LOL.....Congrats!!!!!


----------



## Raven (Jan 22, 2009)

Congrats! 
Sierra Hotel--
Happy hunting!


----------



## quackersmacker (Jun 15, 2005)

Congrats!


----------



## porkrind (Jul 5, 2010)

Congrats!


----------



## Trouthunter (Dec 18, 1998)

Nice video, right up until the woman took the money LOL!

Seriously, good kicking!

TH


----------



## Rack Ranch (May 25, 2004)

Congrats bro, maybe a few NFL kickers should be allowed to drink Bud Light during the game..LOL


----------



## justinsfa (Mar 28, 2009)

Dammit man!!!!! Great job!

See yall this weekend! Looks like its gonna be great weather for some killin!


----------



## Buckerup (Feb 19, 2009)

See, all you had to do was listen to your 2cool buds. Way to Boot It!


----------



## TXDRAKE (Jun 24, 2004)

If your kicking 55 yarders then maybe you should try for a walk on position in the NFL? Stranger things have happened?!?!?


----------



## spurgersalty (Jun 29, 2010)

TXDRAKE said:


> If your kicking 55 yarders then maybe you should try for a walk on position in the NFL? Stranger things have happened?!?!?


No chit!!! Doesn't seem like a "stupid bet" now!!!!!


----------



## TXDRAKE (Jun 24, 2004)

You never know until you try and one day when your really "Old" your going to look back and say Dang I should have just went for it!! Its never to late to live a dream until its "To Late"!!! D**N The Torpedos, Full Speed Ahead!!! If your doing that good with that little prep just imagine what you could do under the guidance of a professional kicking coach!!


----------



## Cable (Jan 29, 2011)

justinsfa said:


> Dammit man!!!!! Great job!
> 
> See yall this weekend! Looks like its gonna be great weather for some killin!


Looking forward to it bud! Glynn at Koons Canyon Ranch ( the one who bet me the mulie hunt LOL) said the turkey are thick and blackbucks are plentiful. The axis are abundant but we might have a hard time finding your dad one that isn't still in velvet.
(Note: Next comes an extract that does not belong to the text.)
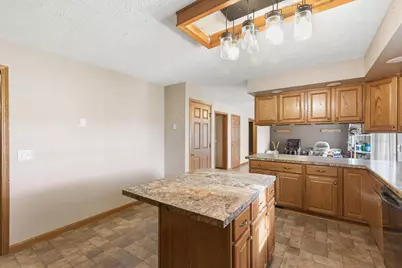 2215 Shupp Road, Bucyrus, OH 44820 - Photo 9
They might need another month. If he wants one in velvet it can probably still happen though.


----------



## Cable (Jan 29, 2011)

Trouthunter said:


> Nice video, right up until the woman took the money LOL!
> 
> Seriously, good kicking!
> 
> TH


Thanks! LOL that was my agent (my wife :cheers


----------



## AvianQuest (Feb 7, 2006)

sotol buster said:


> Be sure to wash your balls and let them dry completely after every practice.


That would certainly help to prevent jock itch.


----------



## WillieT (Aug 25, 2010)

That's great!


----------



## jimk (May 28, 2004)

That was great...Congratulations!


----------



## YAKATTACK-ZAK (Feb 6, 2011)

Try out for the texans! Our kickers always suck lol...


----------



## Pablo (May 21, 2004)

Congrats to you, that's just awesome!


----------